Supplementary Information
The online version contains supplementary material available at 10.1007/s10143-024-03083-8.
Keywords: Cost-benefit analysis, Negative pressure wound therapy, Spinal fusion, Surgical site infection, Vacuum-assisted closure
Previous presentations
An abstract from this work was presented as an oral presentation at the 2023 CNS Annual Meeting in Washington, DC.
Supplementary Information
The online version contains supplementary material available at 10.1007/s10143-024-03083-8.
Introduction
Surgical site infections (SSIs) and wound dehiscence are sources of significant morbidity, reoperation, and increased healthcare-associated costs following instrumented spine surgery [1–3]. Total direct costs associated with treatment of postoperative spine SSI range from $16,242 to $31,245 [3, 4] Identified risk factors for SSI following spinal surgery include increased age, male sex, history of coronary artery disease, hypertension, diabetes mellitus, obesity (body mass index [BMI] > 30 kg/m2), chronic steroid use, higher American Society of Anesthesiologists (ASA) classification, ≥ 3 h operative time, and transfusion, among others [5–9]. As such, preventative strategies to reduce the incidence of SSI have garnered increasing importance.
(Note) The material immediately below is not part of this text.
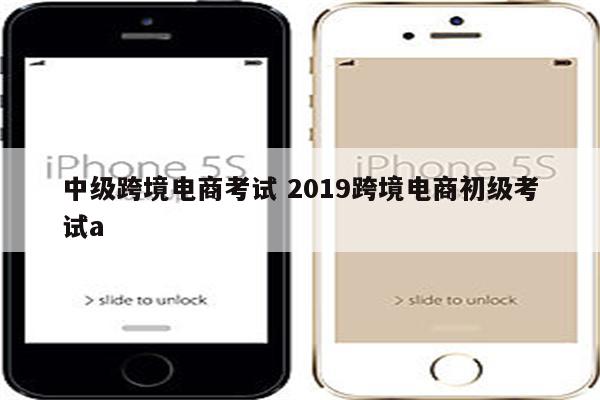 中级跨境电商考试 2019跨境电商初级考试a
Closed-incisional negative pressure wound therapy (ciNPWT) is one such strategy, which is thought to facilitate wound healing through wound approximation, wound environment stabilization, promotion of angiogenesis, granulation tissue formation, and a decreased bacterial burden [10]. In contrast to the application of negative pressure wound therapy (NPWT) for healing by secondary intention, whereby the dressing is applied within an open incision, a ciNPWT involves a wound VAC dressing applied over the closed incision.
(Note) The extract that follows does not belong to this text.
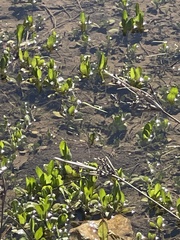 Sagittaria platyphylla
A 2019 proof-of-concept study which selected patients with increased risk of SSI to receive ciNPWT, found that closed-incisional vacuum-assisted closure (VAC) application resulted in a 50% reduction in the rate of SSI relative to standard dressing [11]. Additional retrospective and prospective studies which have suggested potential benefit of ciNPWT in reducing rates of wound dehiscence and SSI [4, 12–15]. Pooled analysis showed a significantly lower incidence of SSI with application of ciNPWT, but no significant reduction in the incidence of wound dehiscence, wound complication, or reoperation [16]. While ciNPWT is initially more costly than other standard surgical dressings, a recent study limited to trauma patients reported a significant infection-related cost-savings with its use [4]. The objective of the present study was to assess the clinical efficacy and healthcare cost effectiveness of prophylactic ciNPWT use in patients undergoing posterior instrumented spinal fusion for any surgical indication.
Materials and methods
Study design and participants
This retrospective observational cohort study to assess the efficacy and cost effectiveness of ciNPWT was approved by the Institutional Review Board (IRB) and was exempted from patient consent by the IRB before initiation. All patients who underwent posterior instrumented spinal fusion performed by the senior author from July 2017 to December 2019 at a single Level 1 trauma center were reviewed. Starting in July 2017, the senior author developed a change of practice with the selective use of ciNPWT as a postoperative surgical dressing. Exclusion criteria included cases in which the patient was younger than 18 years of age and cases in which the senior author was not the primary surgeon.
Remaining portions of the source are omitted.